Anfangs war ich zugegebenermaßen sowieso etwas skeptisch. Die Frage drängte sich fast automatisch auf: Wie jetzt? Noch ein Ostfrieslandkrimi? Aber schon nach den ersten Kapiteln war ich von dem Buch sofort angetan. Ich konnte sehr schnell spüren, hier schreibt jemand mit Verstand für Details und obendrein mit viel Herz für die Region und ihre Bewohner. Dirk Trost bietet, im Vergleich zu den unzähligen anderen Ostfrieslandkrimis, die den Markt inzwischen überschwemmen, tatsächlich eine wohltuende und angenehme Charmeoffensive. Er gehört zu den deutlich unterrepräsentierten männlichen Autoren dieses Sub-Genres, sieht man mal von Klaus-Peter Wolf ab, die diesen Landstrich nebst Nordseestrand durchpflügen. Der überwiegende Teil aller Ostfriesenkrimis stammt von weiblichen Nachwuchsautorinnen, die mit ihren jeweiligen Qualitäten jedoch nicht in jedem Fall überzeugen können. Zumindest gelingt es den meisten ostfriesischen Autorinnen nur selten, mit einem solchen Aufgebot an sympathischen Charakteren aufzuwarten, die einen Krimi erst bunt und unterhaltsam werden lassen. Durch eine spannende Handlung und einer ordentlichen Portion trockenen Humors gelingt es Dirk Trost fast schon spielerisch Granat für Greetsiel zu einem reinen Lesevergnügen zu machen. In diesem Krimi ist nichts dröge, angestaubt oder gar sinnesfeindlich. Im Gegenteil! Jan de Fries kommt als großer Charmeur daher. Der Autor malt zudem mit seinen Ortsbeschreibungen plastische Bilder in die Köpfe seiner Leser. Jeder, der Greetsiel nicht kennt, kann sich nach der Lektüre diesen Küstenort in etwa so vorstellen, als wäre er bereits schon mal dort gewesen. Die Figuren sind so lebensnah beschrieben, dass man sie zu kennen glaubt. Man spürt förmlich den Nordseewind um die Nase wehen und wird immer tiefer hineingezogen in ein dicht gestricktes Netz starker Emotionen und menschlicher Abgründe. Ein symphytischer Einfall ist auch die sich parallel zum Mordfall entwickelnde Beziehung zwischen Jan und seiner verloren geglaubten Tochter, die ganz unerwartet in sein Leben hereinplatzt.

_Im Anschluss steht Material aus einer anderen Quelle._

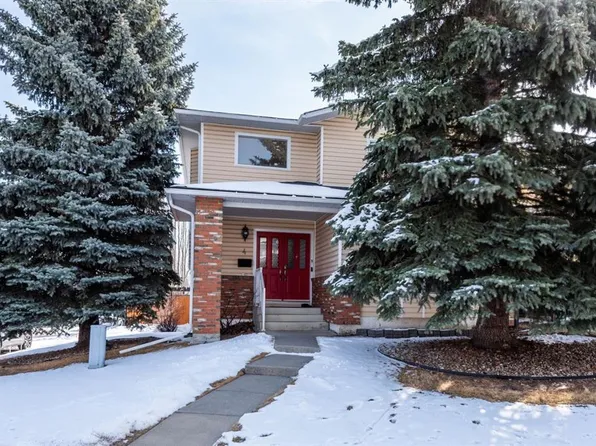 4 W Cedargrove Way SW, Calgary, AB T2W 4V2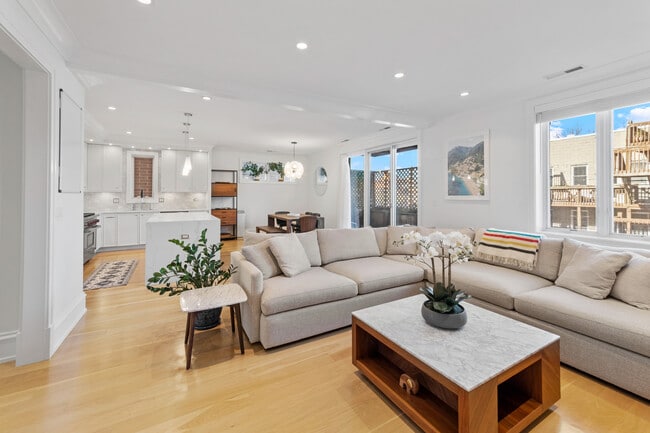 Photo - 736 W Melrose St Unit 3W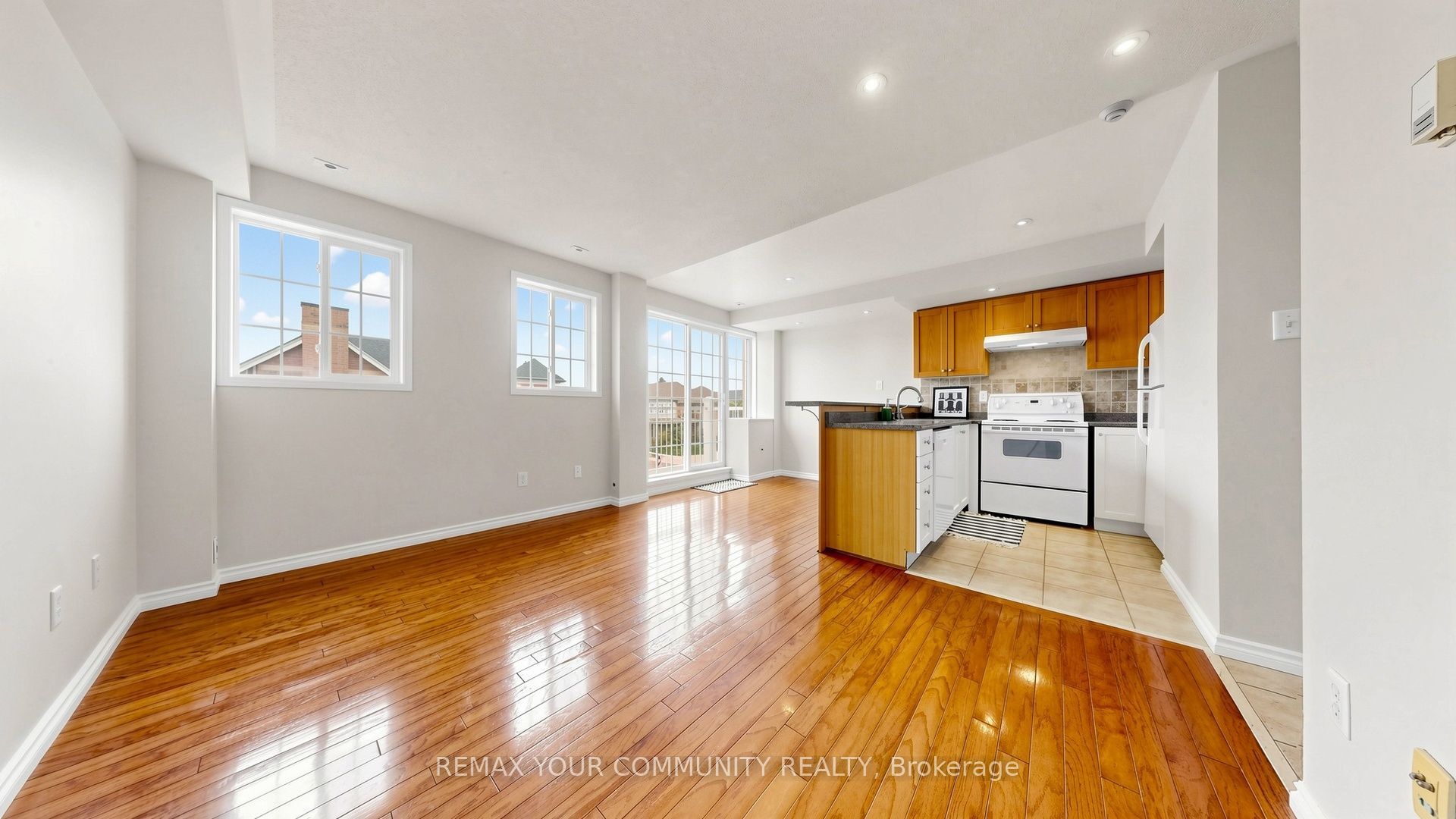 116 Cornell Park Avenue D210, Markham, ON L6B 1B6 photo 3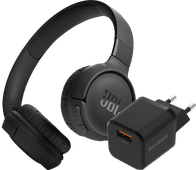 JBL Tune 520BT Black + BlueBuilt Quick Charge Charger with USB-A Port 18W Black JBL headphones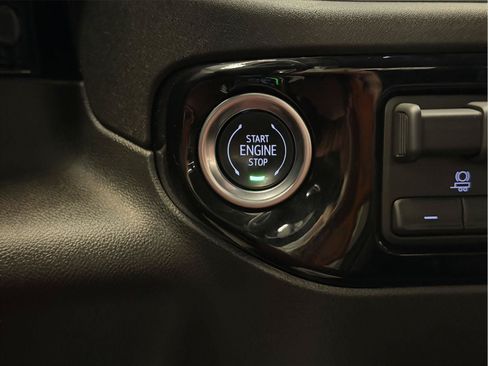 Certified 2025 GMC Sierra 1500 SLT AWD/4WD image 59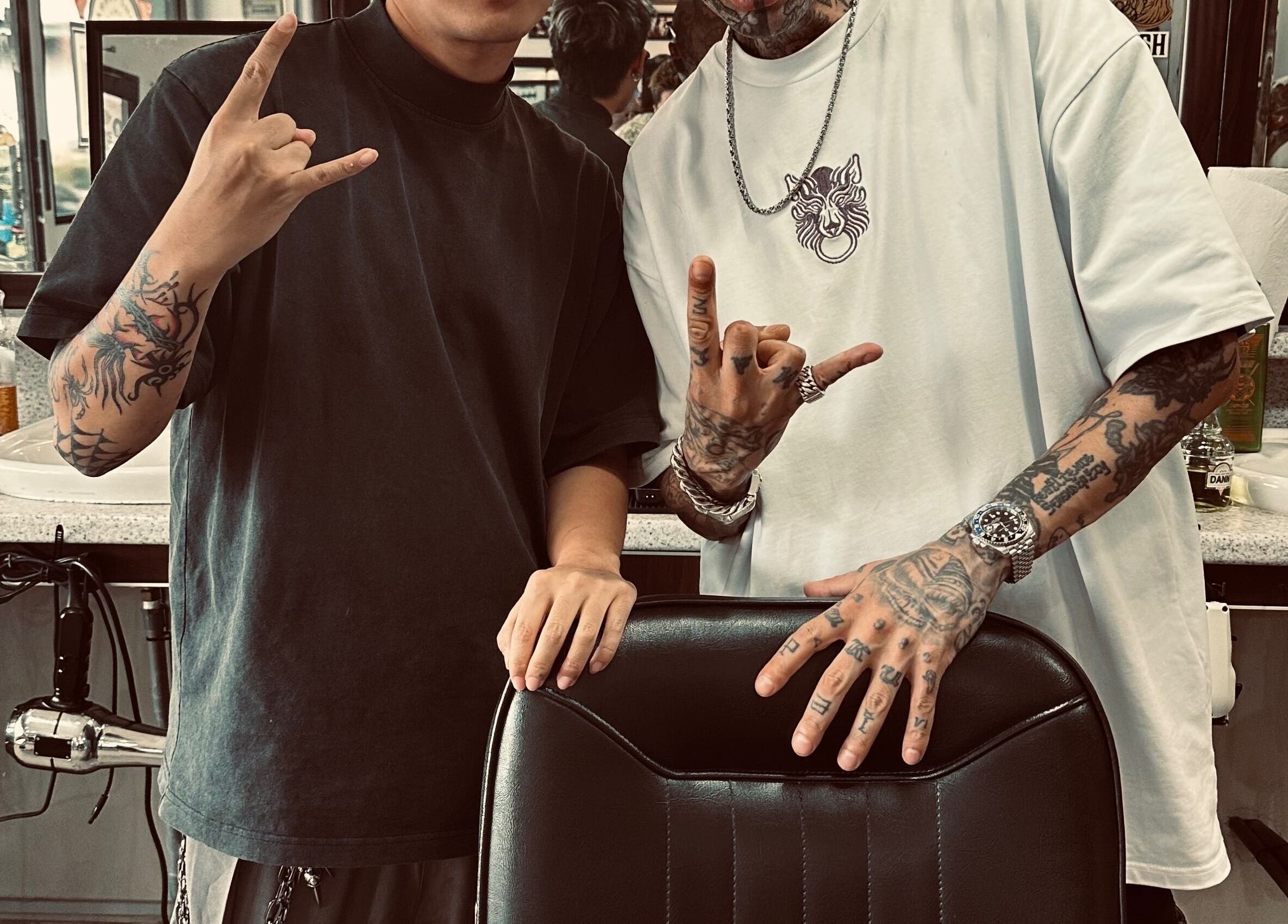 Sause Barber Cut Club -Sungai Ara in Bayan Lepas, Pulau Pinang, MY, showcasing trendy tattooed style.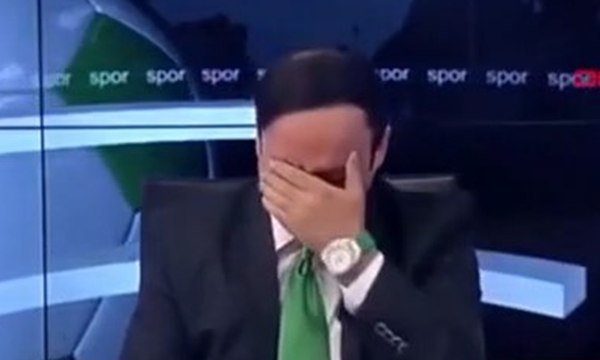 Konyaspor kümede kaldı, spiker canlı yayında gözyaşlarına boğuldu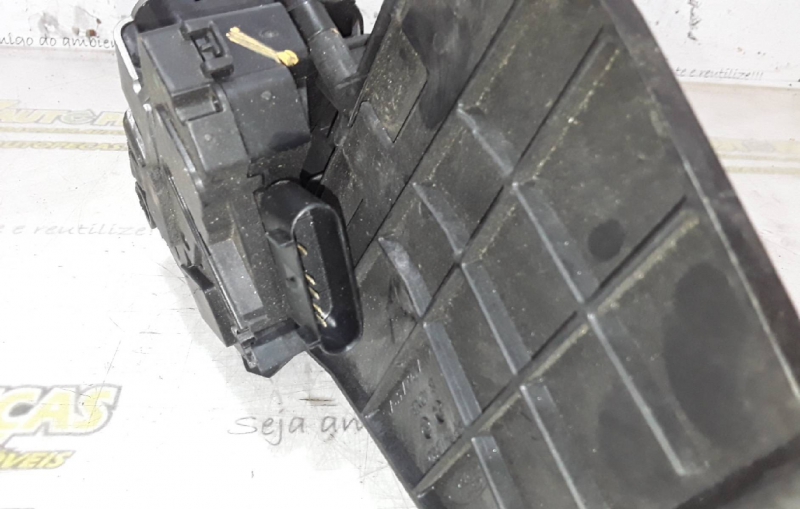Fecho da Porta Trás Direito FORD FIESTA VI (CB1, CCN) | 08 -  Imagem-1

Granat für Greetsiel ist eine überraschende und zugleich amüsante Lektüre für alle Krimifans. Aber auch die Liebhaber ostfriesischer Skurrilitäten kommen voll auf ihre Kosten. In der Geschichte geht es keineswegs gemächlich zu. Gemeinsam mit dem Protagonisten wird man Schlag auf Schlag in eine dichte Handlung hineingezogen, die den Leser mit allen Sinnen ergreift. Dirk Trost hat mit diesem Buch einen bemerkenswerten Erstling vorgelegt, der nach weiteren Fortsetzungen verlangt. Für mich ist dieses Buch ein Volltreffer, mehr als ein gelungener Einstand, vielmehr ein Versprechen. Wir dürfen gespannt sein auf die weiteren Fälle mit Jan de Fries.